_Your assignment_
Below is a listing to write out in full, exactly as given, without its pictures.

_Stored data_
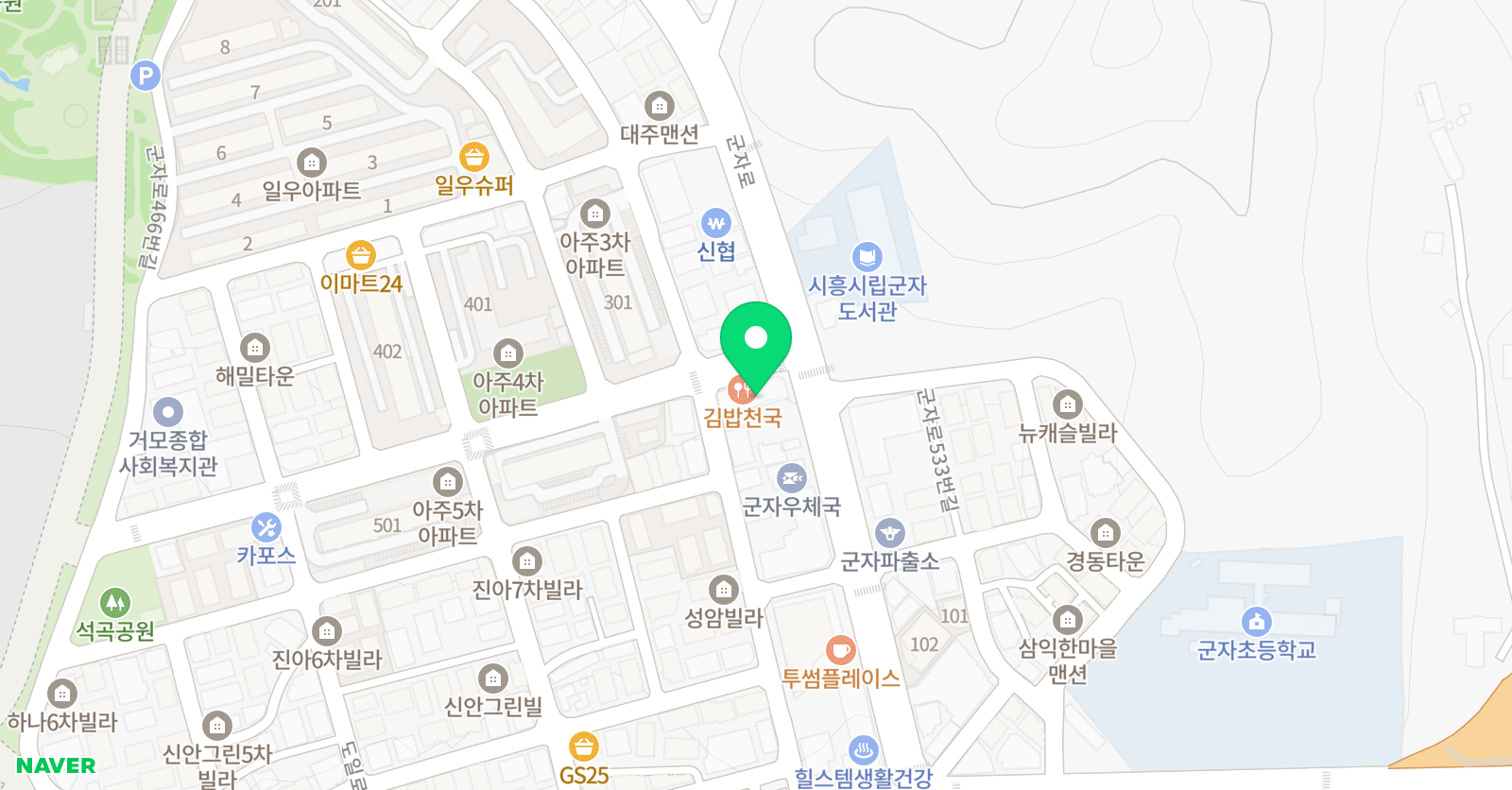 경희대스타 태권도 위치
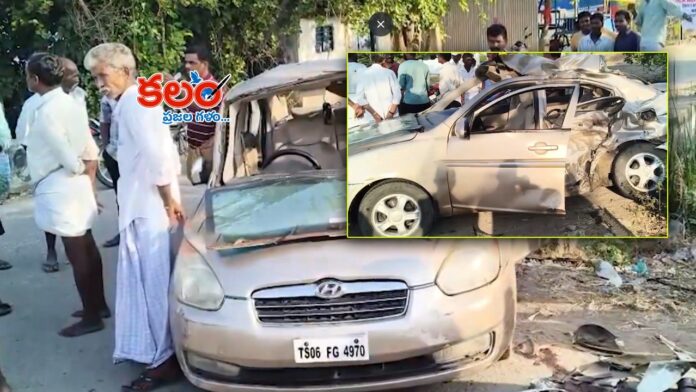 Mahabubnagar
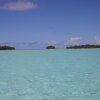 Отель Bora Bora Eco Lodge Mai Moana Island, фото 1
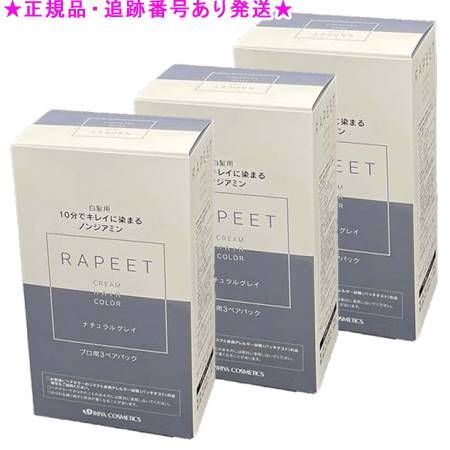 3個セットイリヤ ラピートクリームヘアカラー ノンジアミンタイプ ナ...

_Task answer_
 경희대스타 태권도 위치
 Mahabubnagar
 Отель Bora Bora Eco Lodge Mai Moana Island, фото 1
 3個セットイリヤ ラピートクリームヘアカラー ノンジアミンタイプ ナ...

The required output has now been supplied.